SACILE - Le parole assumono un significato diverso a seconda di chi le usa o le ascolti. Ad esempio "Urgente" in un ufficio può voler dire che serve in giornata. In una consegna magari è una settimana. Per Gabrielle "urgente" significa che finché non risolverà, rimarrà inchiodata in casa, impossibilitata a dare a suo figlio Davide le cure di cui ha bisogno. Succede dallo scorso 5 gennaio, «quando si è rotto il montascale».

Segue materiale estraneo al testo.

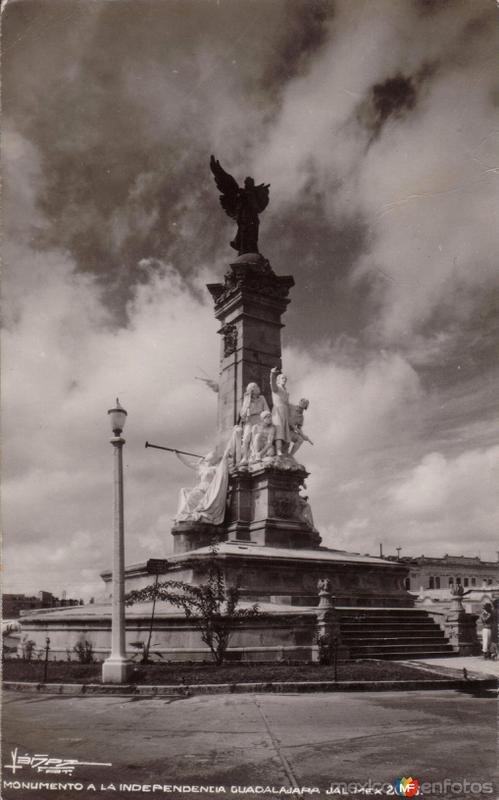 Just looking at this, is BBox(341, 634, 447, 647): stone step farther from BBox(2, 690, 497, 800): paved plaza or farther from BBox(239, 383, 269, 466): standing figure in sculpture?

Lui, 36enne, è da tempo costretto su una carrozzina quale conseguenza di un gravissimo incidente stradale. Muove a malapena le braccia, per nulla le gambe e la sua condizione non migliora certo col tempo. «Tra la porta di casa e l'uscita dalla palazzina dove abitiamo - racconta mamma Gabrielle - ci sono 16 scalini. Per affrontarli abbiamo un montascale con i cingoli dotato di batterie e pistone. Per me sarebbe impossibile altrimenti portare su e giù i 100 e rotti chili che sono la somma del peso di Davide e della sedia». Un vero e proprio macchinario salvavita, dunque, che però è inservibile. Lunedì sera per salire quelle scale Gabrielle ha chiesto e ottenuto l'aiuto degli angeli rossi, i Vigili del Fuoco.

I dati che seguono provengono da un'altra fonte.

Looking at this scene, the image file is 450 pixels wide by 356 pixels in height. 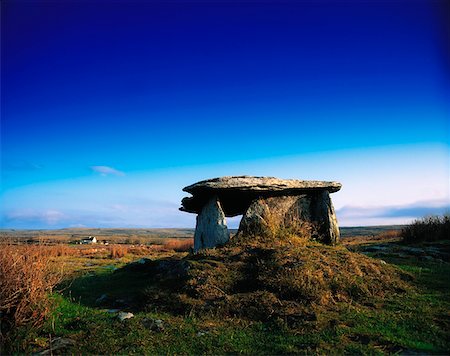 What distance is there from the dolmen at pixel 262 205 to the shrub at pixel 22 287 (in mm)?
7890

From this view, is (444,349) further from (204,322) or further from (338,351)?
(204,322)

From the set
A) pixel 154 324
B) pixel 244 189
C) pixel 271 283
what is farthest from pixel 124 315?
pixel 244 189

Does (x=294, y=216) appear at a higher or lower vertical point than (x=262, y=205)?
lower

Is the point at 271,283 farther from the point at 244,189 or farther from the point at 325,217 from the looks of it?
the point at 325,217

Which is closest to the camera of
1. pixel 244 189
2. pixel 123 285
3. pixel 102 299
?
pixel 102 299

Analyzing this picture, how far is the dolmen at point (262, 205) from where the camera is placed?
49.4 feet

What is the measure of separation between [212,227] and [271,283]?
19.8 ft

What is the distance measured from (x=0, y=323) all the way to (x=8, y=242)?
6.31 feet

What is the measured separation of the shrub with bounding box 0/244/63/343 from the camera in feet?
24.4

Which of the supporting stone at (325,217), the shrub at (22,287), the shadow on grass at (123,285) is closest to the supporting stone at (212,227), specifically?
the shadow on grass at (123,285)

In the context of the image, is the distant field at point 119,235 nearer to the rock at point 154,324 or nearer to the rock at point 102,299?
the rock at point 102,299

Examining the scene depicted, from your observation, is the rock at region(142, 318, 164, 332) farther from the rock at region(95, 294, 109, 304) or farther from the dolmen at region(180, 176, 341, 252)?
the dolmen at region(180, 176, 341, 252)

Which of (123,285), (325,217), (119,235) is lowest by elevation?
(119,235)

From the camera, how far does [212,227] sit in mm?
15594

«Il giorno dopo era festa, non si è potuto fare nulla, il 7, mercoledì, ho telefonato al Distretto. L'ufficio protesico e il fisioterapista sono eccezionali, sanno il loro mestiere. Spiego che da lì a un paio di giorni dovrò recarmi a Udine per le cure contro il dolore a cui si sottopone mio figlio. Non possiamo mancare e purtroppo nemmeno spostare l'appuntamento. Il dolore non va per appuntamento».